Pitchers that can throw the heat are fun to watch. I recall watching an All-Star game in the late 90’s when Randy Johnson faced John Kruk of the Phillies. You could tell John was intimidated by Randy’s presence alone, but he was also intimidated by how hard Randy was throwing. On top of that, Randy Johnson was only throwing 47 feet away at release of the baseball; that’s nuts. John made a comment on SportsCenter later that evening that he “felt lucky to be alive.”
The average fastball in Major League Baseball is 91 mph. It really is rare to find a pitcher that can consistently throw high 90’s for strikes. The up and coming star pitcher that everyone in raving about, Steven Strasburg, is one of them. He is absolutely amazing to watch and most people know who he is. Why? Because he throws very hard. He’s been clocked at 103 before, throws a 90 mph changeup and a 80 mph curveball that is unlike any curveball any hitter has ever seen in the big leagues. What an amazing combination of pitches.

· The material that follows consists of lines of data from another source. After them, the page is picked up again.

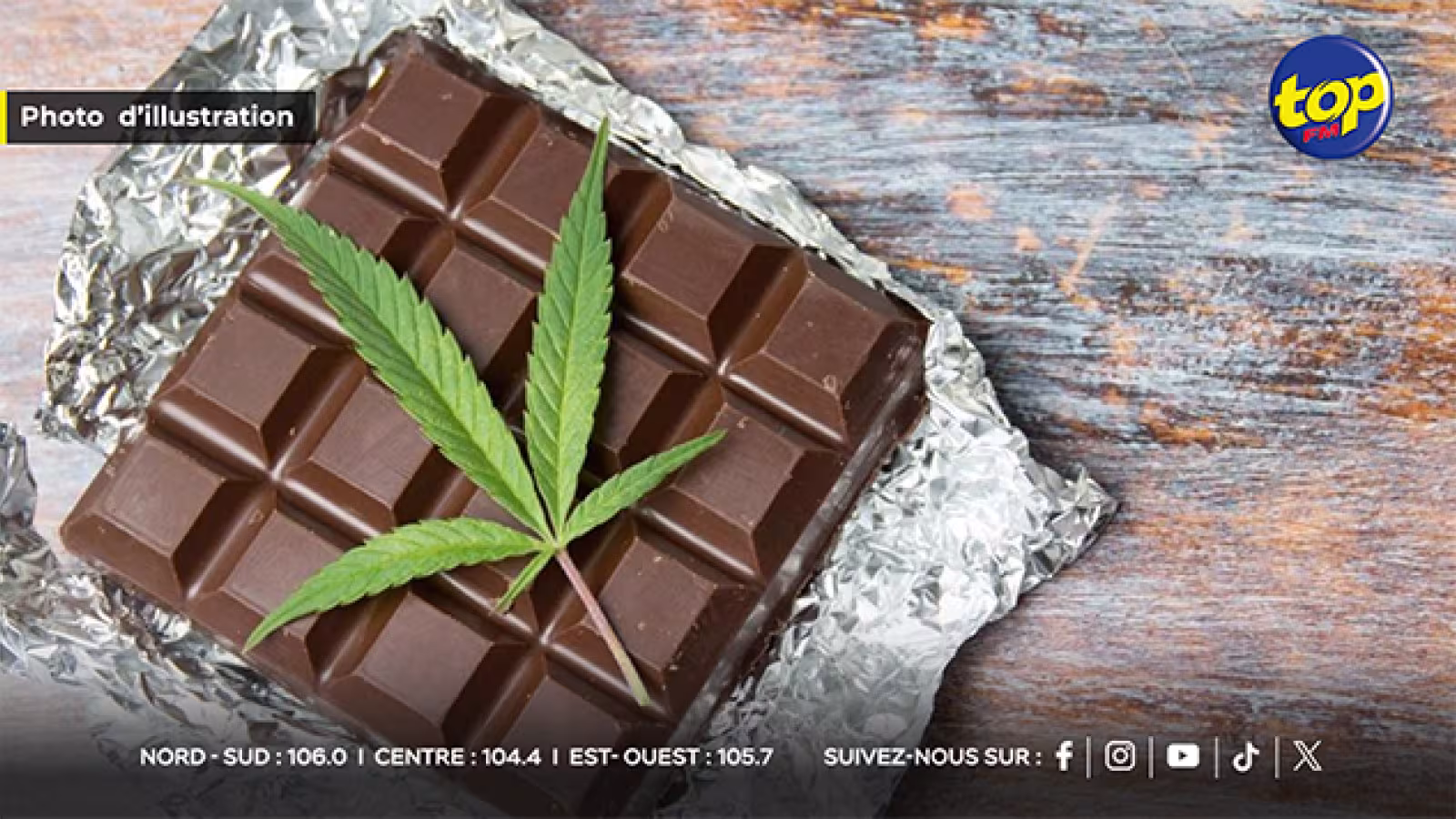 23 ans de servitude pénale pour avoir importé du cannabis dissimulé dans des chocolats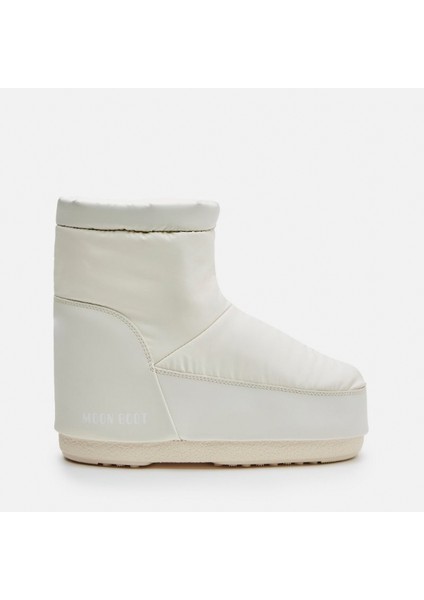 Kadın Kar Botu 14094100-003 Moon Boot Icon Low Nolace Rubber Cream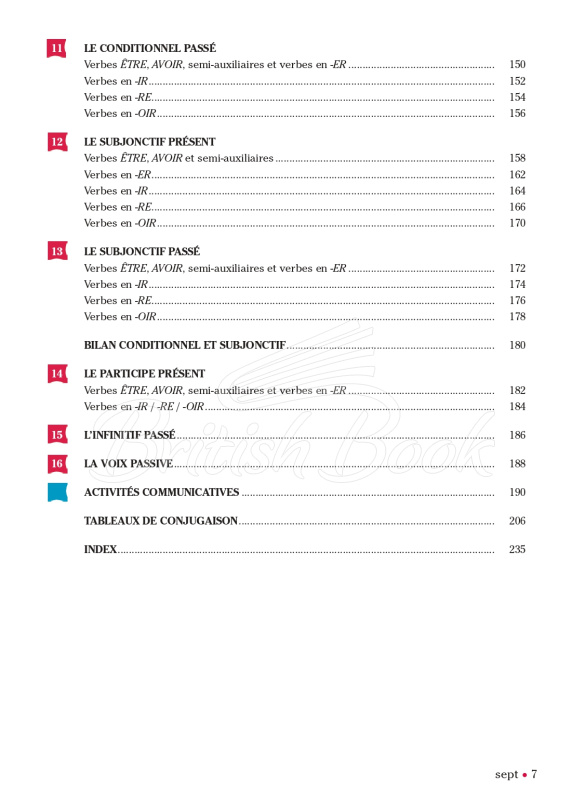 Книга Conjugaison Progressive du Français 3e Édition Intermédiaire avec Audio téléchargeable изображение 4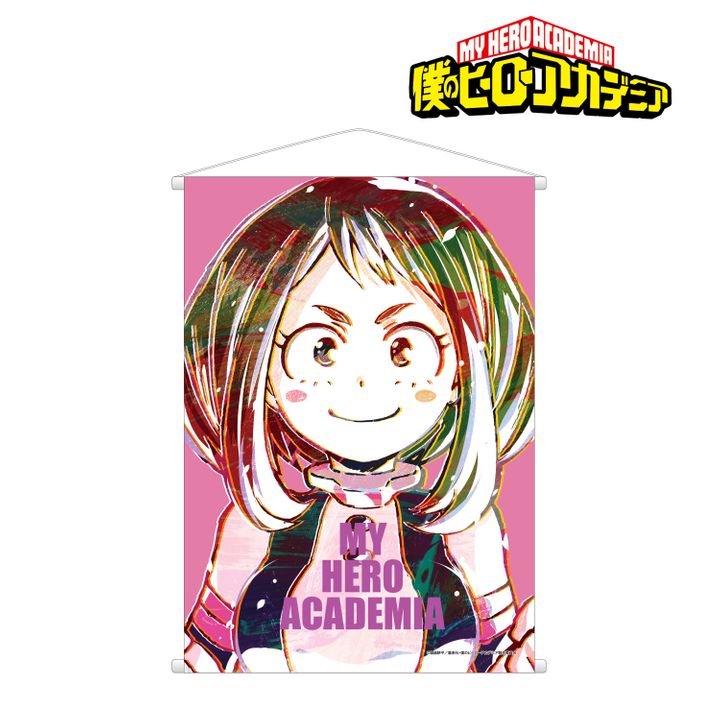 My Hero Academia Ani-Art Tapestry Uraraka Ochako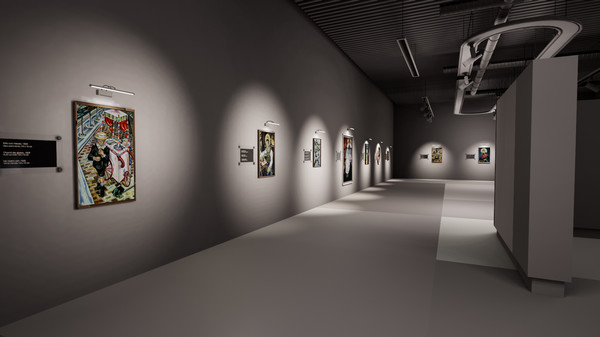 Maria Blanchard Virtual Gallery screenshot 3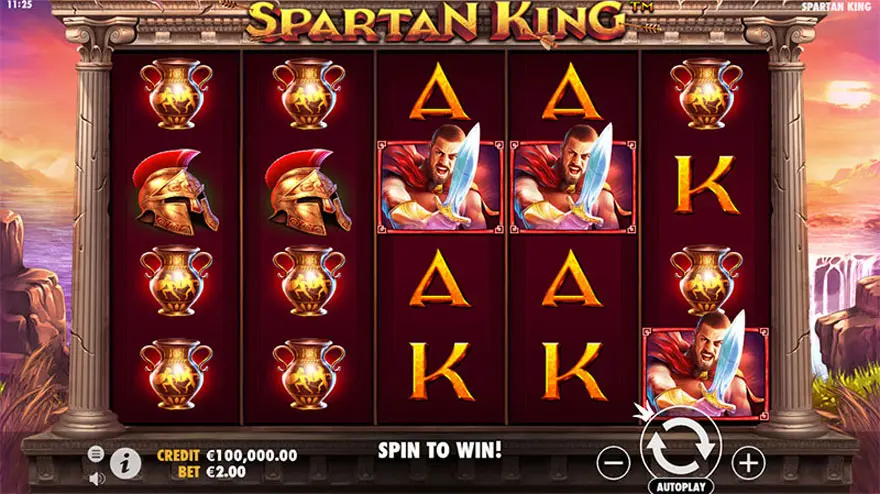 Keberanian Sang Raja Spartan dan Hadiah Spartan King OLE777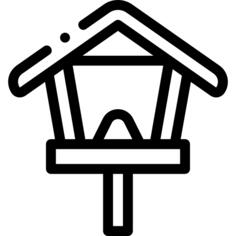 Bird feeder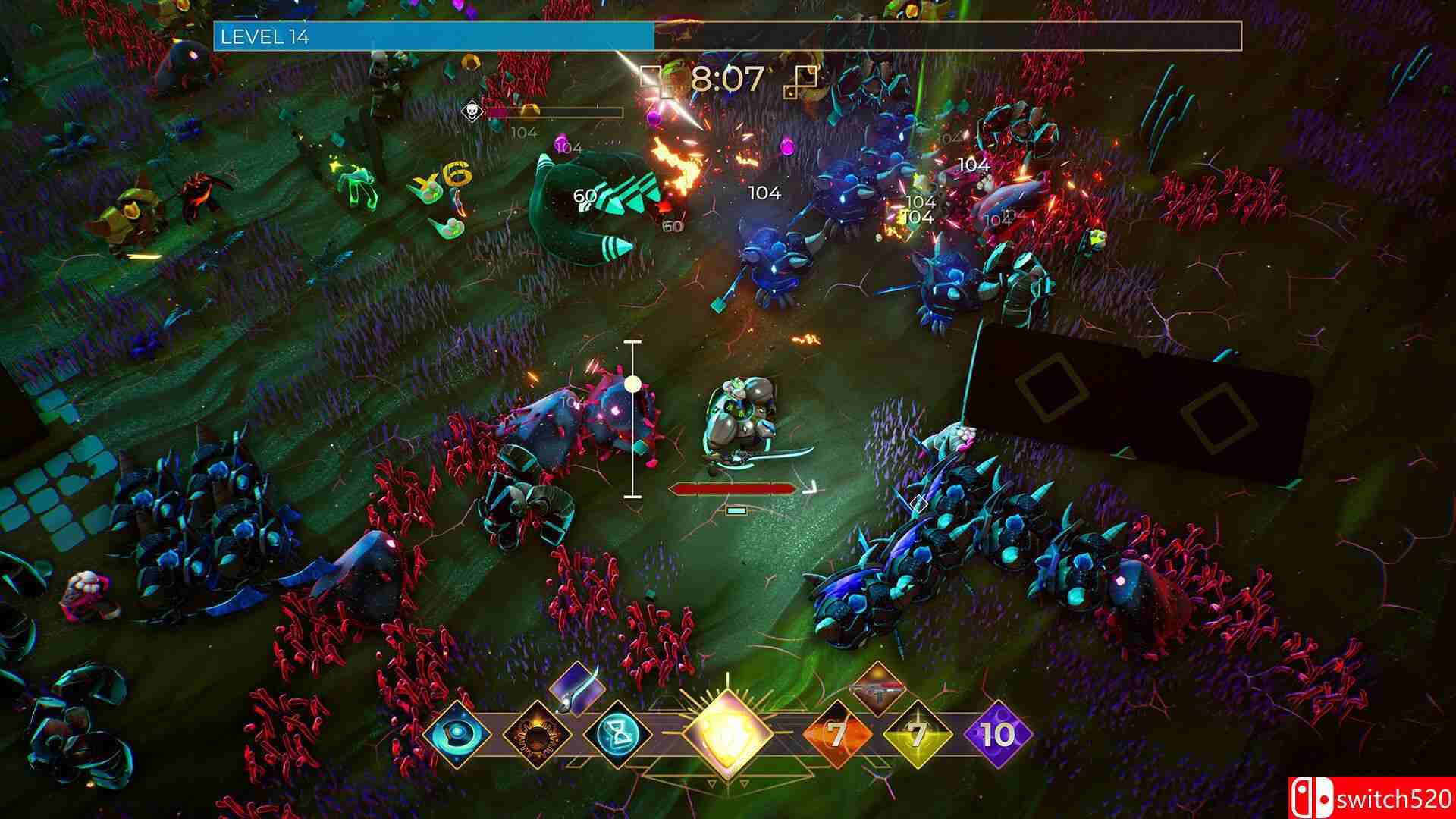 《负熵幸存者》游戏截图2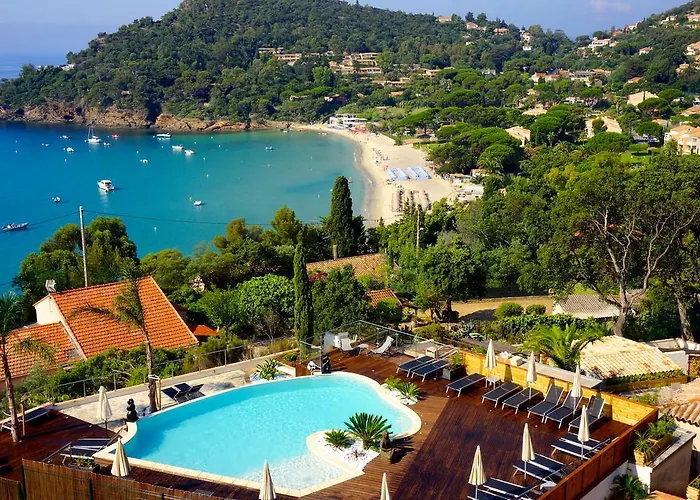 Les Lauriers Roses 아파트호텔 Le Rayol-Canadel-sur-Mer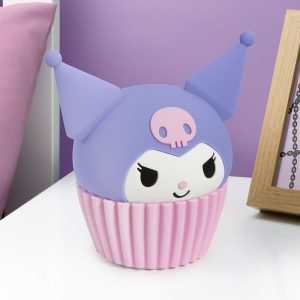 Paladone Kuromi SquishyGlo Silicone Light rechargeable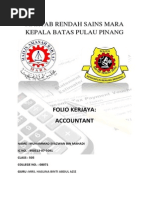 Download Folio Kerjaya AKAUNTAN by Muhammad Syazwan SN148110757 doc pdf
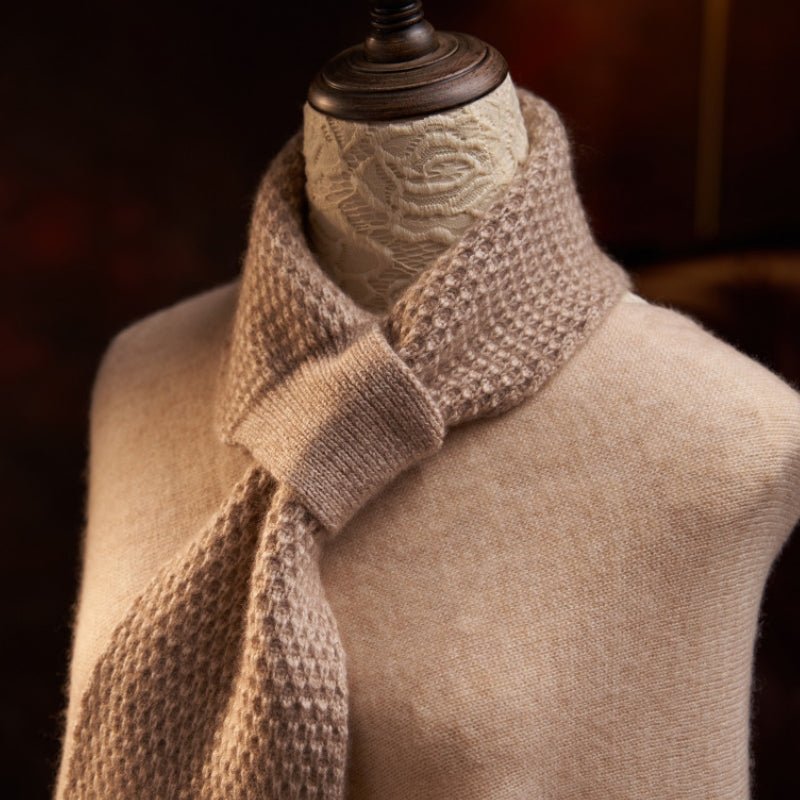 Winterrow – Cashmere Wool Scarf - Hilltop Nord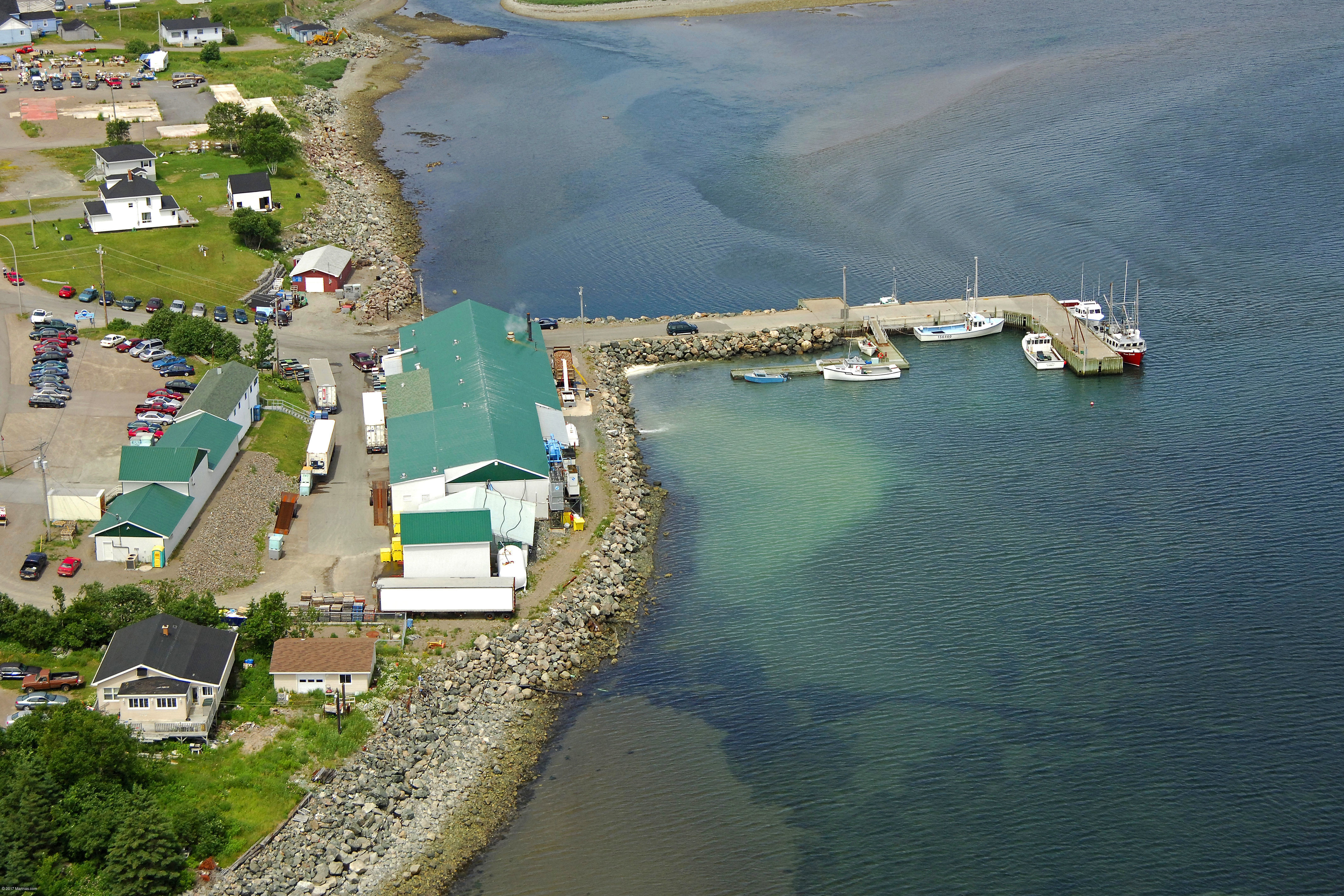 Aulds Cove Harbour Marina in Aulds Cove, NS, Canada Marina Reviews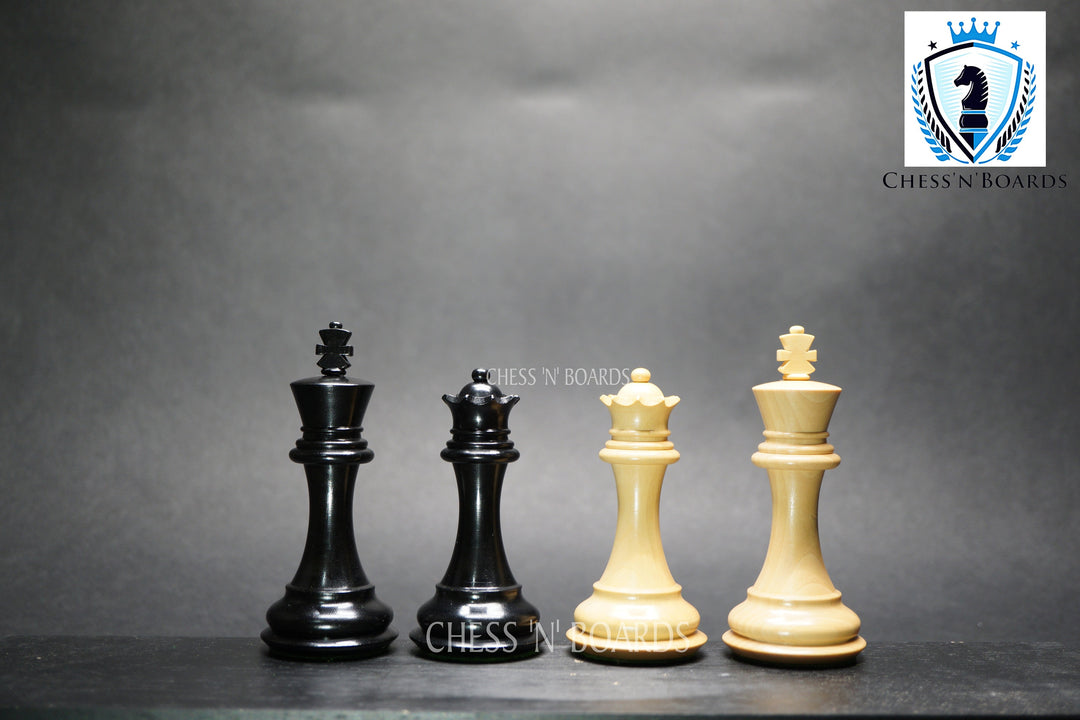 Rio Staunton Series Biggy Knight Tournament Series Large Chess Pieces - Chess'n'Boards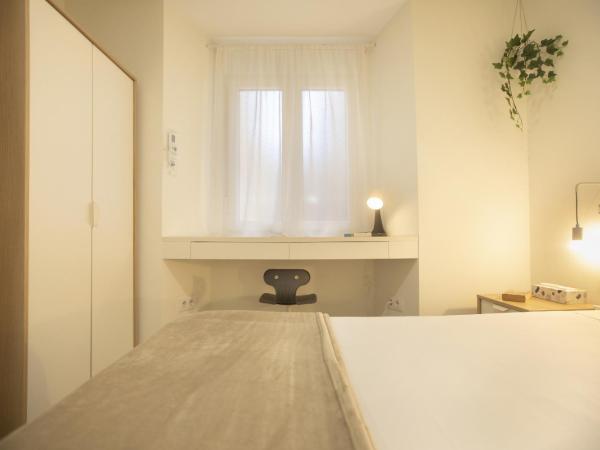 Alojamientos Cantíber : photo 3 de la chambre chambre double avec salle de bains privative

So how do other pitchers have success on the mound? The average pitcher who can throw 91, which many college and some high school pitchers already do, how can they compete at a major league level? Well, one obvious answer is a combination of velocity, control and change of speed. If you cover those three, which I have already written about in a previous blog post and article on this site; you have a winning combination.
But what about the mental side of baseball? Do you think just thinking about success before you pitch will help you win more games and be a more effective pitcher? Do you think if pitchers controlled their emotions and really did pitch one pitch at a time they would be much more sufficient pitchers? I know so. There is a lot to the mental game that most pitchers don’t understand. Some of it is due to coaches inability to teach it to their players and their true lack of knowledge on the concept.
I am reading Heads-Up Baseball right now and am learning even more about the mental game of baseball. Jim Abbott, who writes the foreword to the book, says that once a player reaches the major league level throwing strikes isn’t an issue. However, it is said at that level if a pitcher does has control problems they are 90 percent mental. Something else is inhibiting them to throw strikes. I know that if one of my pitchers struggles with control in a game, it is definitely a problem between his two ears.
I am also convinced that the difference between many of the pitchers playing minor league ball compared to pitchers in the major leagues, is that those in major league baseball have become better at controlling their emotions and don’t let their emotions get the best of them. Most athletes spend the majority of their time on the physical aspects of the game (which are important) and ignore what is going to make them even better; the mental side.
I have read many books about the mental game but nothing compares to heads-up Baseball when it comes to understanding and immediately applying what is taught. It is such a simple read and full of great insight that, once applied, will truly take you to the next level. I highly recommend it to anyone!
To sum things up here pitching faster is great but there are many other aspects of pitching that will help you more than pitching velocity. Don’t get me wrong here! Throwing a great fastball helps set hitters up for effective off speed pitches. However, the deadly combination of Location, change of speed and movement are all fundamental factors to a pitchers success. The mental game is essential to success!